Ok now he is 8 months old and still will not come - unless he wants to. If he sees the treat he will come SOMETIME depending if he wants to or not. It is not dependent on whether he likes the treat or not - Sometimes I can tell he really wants the treat but still won't come. Or he is distracted. Or decides he doesn't want to. I have varied the treats and I know he adores the ones I have. HOW HOW HOW do you teach strong recall? I can NOT get my pup to come unless he wants to. I work with him all the time with the yo-yo technique with my husband. Also work with him on 10 ft lead outside. Lots of treats that he loves. Even paid for a private instructor for a lesson. Nothing is working. He will come promtly and gobble treats as reward - as long as he wants to. If he gets full of treats or gets distractred, he will not come. He slipped by a visitor by accident and got outside and ran all around chasing rabbits and going down in the creek and across streets and it took 30 minutes to get him back in. It is very dangerous. We have put safeguards in place so that doesn't happen again but he NEEDS to be trained for safety reasons. We love to travel with him and he is a great traveler. With just us two it is easier but we are going to a big family event in July with 25 people in one house and he CANNOT go if he won't behave and come when called and not run. HELP!!! i have read many books and did have that private lesson but it was just more of the same - yo yo technique and long lead training. I need other options!


----------



## Lou's Mom (Apr 8, 2014)

You are getting lots of good advice. I used lots of treats, tiny bits of real turkey and tons of practice using the treats consistently until they got the idea then the slot machine method. I highly recommend Zak George's videos - very passionate about dog training. I wouldn't worry about the reunion, just make sure he is always on the leash attached to you or in a crate.


----------



## callen510 (Nov 20, 2013)

Thanks ! I can't wait to look at those videos. I found him on youtube. I did see the one on teaching your dog to come which is exactly what we have been doing yo- you and long lead but I sure wish I knew what to do when that doesn't work. I'm going to view some more - he has one on when your dog won't listen - maybe that will solve the problem! Any other hints on what to do when conventional methods don't work would be appreciated. I would love to try other things.


----------



## Fee (Oct 26, 2013)

Boycie knows a lot of commands, he is just naughty and he will come only when he wants!  He amazes me every time, he is really such a smart dog but so stubborn!


----------



## stapod (Jul 30, 2012)

Have you tried running/trotting in the opposite direction? - So it looks like you're having fun without him. You call him "Here", and when he looks you run the opposite way. A trainer told me to try once and Flurry would stop what she was doing and chase me. I would treat her when she "caught" me.


----------



## Ann Mother (Dec 18, 2013)

stapod said:


> Have you tried running/trotting in the opposite direction? - So it looks like you're having fun without him. You call him "Here", and when he looks you run the opposite way. A trainer told me to try once and Flurry would stop what she was doing and chase me. I would treat her when she "caught" me.

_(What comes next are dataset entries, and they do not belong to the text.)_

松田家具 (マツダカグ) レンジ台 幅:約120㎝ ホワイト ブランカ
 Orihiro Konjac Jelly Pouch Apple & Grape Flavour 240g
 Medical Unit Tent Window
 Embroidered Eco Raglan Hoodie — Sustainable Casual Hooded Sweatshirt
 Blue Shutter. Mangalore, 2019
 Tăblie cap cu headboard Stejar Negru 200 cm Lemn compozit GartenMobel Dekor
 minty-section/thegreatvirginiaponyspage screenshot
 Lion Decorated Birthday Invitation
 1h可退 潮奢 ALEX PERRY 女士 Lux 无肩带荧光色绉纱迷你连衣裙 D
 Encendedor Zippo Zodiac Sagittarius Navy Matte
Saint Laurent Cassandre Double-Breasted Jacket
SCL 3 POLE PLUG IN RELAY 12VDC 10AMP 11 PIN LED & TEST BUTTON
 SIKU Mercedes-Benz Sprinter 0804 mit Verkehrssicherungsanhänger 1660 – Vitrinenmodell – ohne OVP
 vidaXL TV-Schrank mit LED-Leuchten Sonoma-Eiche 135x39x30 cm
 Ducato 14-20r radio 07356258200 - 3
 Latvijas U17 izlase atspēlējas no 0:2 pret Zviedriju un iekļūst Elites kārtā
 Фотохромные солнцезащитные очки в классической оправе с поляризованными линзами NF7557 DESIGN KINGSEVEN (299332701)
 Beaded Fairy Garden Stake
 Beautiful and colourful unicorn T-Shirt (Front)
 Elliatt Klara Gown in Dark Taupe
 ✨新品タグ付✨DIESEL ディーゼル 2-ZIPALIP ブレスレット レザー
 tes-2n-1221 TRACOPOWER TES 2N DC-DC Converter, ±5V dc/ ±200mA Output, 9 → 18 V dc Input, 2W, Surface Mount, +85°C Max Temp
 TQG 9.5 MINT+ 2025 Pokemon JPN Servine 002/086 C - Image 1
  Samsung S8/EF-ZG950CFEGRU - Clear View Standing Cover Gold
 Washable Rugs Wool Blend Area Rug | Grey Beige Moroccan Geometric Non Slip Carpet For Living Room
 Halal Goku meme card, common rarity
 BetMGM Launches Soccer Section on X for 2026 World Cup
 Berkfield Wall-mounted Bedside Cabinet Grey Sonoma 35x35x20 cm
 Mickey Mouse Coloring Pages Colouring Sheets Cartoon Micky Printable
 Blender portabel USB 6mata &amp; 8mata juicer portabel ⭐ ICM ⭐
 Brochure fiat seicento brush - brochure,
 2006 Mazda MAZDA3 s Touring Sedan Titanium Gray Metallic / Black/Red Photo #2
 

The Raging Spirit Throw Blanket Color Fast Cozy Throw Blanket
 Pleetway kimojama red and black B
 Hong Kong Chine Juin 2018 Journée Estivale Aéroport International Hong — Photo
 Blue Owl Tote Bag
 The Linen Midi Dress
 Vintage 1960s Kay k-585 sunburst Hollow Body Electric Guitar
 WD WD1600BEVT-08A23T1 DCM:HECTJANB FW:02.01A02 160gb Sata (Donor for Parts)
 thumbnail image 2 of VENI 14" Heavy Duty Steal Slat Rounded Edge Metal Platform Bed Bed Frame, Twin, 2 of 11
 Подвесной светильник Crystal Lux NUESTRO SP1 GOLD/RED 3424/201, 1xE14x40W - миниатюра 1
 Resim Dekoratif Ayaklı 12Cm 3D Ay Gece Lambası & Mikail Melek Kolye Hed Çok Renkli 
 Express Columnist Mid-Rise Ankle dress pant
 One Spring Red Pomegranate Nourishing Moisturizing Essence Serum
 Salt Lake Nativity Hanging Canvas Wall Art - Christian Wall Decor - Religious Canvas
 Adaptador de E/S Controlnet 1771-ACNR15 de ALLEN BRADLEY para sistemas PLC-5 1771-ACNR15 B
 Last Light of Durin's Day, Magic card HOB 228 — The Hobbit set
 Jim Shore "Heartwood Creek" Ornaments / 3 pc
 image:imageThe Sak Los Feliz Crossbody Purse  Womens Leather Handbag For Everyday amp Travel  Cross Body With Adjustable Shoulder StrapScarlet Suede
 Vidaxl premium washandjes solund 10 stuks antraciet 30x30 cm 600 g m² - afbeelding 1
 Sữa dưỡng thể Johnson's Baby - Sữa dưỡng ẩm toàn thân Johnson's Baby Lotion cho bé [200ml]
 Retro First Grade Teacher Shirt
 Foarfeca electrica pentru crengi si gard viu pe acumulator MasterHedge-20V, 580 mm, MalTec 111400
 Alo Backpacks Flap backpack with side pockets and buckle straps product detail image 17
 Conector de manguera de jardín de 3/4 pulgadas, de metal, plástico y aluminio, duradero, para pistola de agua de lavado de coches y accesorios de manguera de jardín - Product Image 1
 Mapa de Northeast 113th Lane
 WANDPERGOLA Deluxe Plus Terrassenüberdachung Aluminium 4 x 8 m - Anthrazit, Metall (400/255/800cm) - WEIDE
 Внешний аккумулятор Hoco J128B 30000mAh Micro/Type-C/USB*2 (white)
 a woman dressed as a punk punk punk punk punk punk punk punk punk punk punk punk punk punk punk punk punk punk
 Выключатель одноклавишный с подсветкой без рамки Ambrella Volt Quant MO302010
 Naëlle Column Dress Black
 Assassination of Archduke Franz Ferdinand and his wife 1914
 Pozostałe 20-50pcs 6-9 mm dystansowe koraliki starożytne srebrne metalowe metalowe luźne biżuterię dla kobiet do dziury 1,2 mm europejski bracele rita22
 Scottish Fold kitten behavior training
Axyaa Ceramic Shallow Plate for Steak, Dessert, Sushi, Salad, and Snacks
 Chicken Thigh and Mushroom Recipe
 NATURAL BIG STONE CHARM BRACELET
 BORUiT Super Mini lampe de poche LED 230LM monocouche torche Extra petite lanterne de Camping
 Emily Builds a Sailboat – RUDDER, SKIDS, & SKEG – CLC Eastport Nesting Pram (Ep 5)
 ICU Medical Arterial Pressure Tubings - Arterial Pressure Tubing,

Good post think I'll try this myself!


Sent from Petguide.com Free App


----------



## lydiatug (Feb 21, 2012)

I actually use that technique at times when she's running away. I turn around to leave and then she comes running! Needless to say we're still working on it daily, but we're getting closer . 

Keep up the good work, eventually it'll kick in!


----------



## Sylie (Apr 4, 2011)

The point to training is inducing compulsive behavior. It is up to you to establish a training method that your dog cannot resist. The dog is not supposed to decide whether or not he feels like obeying. It is up to you to establish a routine behavior that your dog is COMPELLED to follow. I gave you the ground work in a much earlier post. A strong recall is the most important and potentially life saving training. Please don't tell me that your dog decides not to obey, you must realize that you fell short and find a better method. I gave you some really good advice in you initial post, but did you even try it?


----------



## callen510 (Nov 20, 2013)

Gosh Sylie. I obviously know I've fallen short, that is why I am asking for advise and I do know that I need another method. I really appreciate your advice and also you taking time to help me out. I have been trying the jackpot method you suggested and he does adore that as long as he is not full or distracted as mentioned before. I have not done your other suggestions of crowing like a rooster nor has opening a cabinet been successful but we do a click similar to how you spur on a horse and with special whistle. I'm not giving up!! Still searching for the method that he will feel COMPELLED everytime, especially if a rabbit runs by. I've read several books, watched several videos and paid for a private with a trainer at a dog school and I'm still workin' on it.


----------



## CorkieYorkie (Apr 10, 2012)

Don't feel too bad, I have definitely neglected my training... :-/ mine also only come when they want to.. Luckily mine aren't "runners" and don't take off if the door is left open or anything. At your family event can u just keep him on a leash??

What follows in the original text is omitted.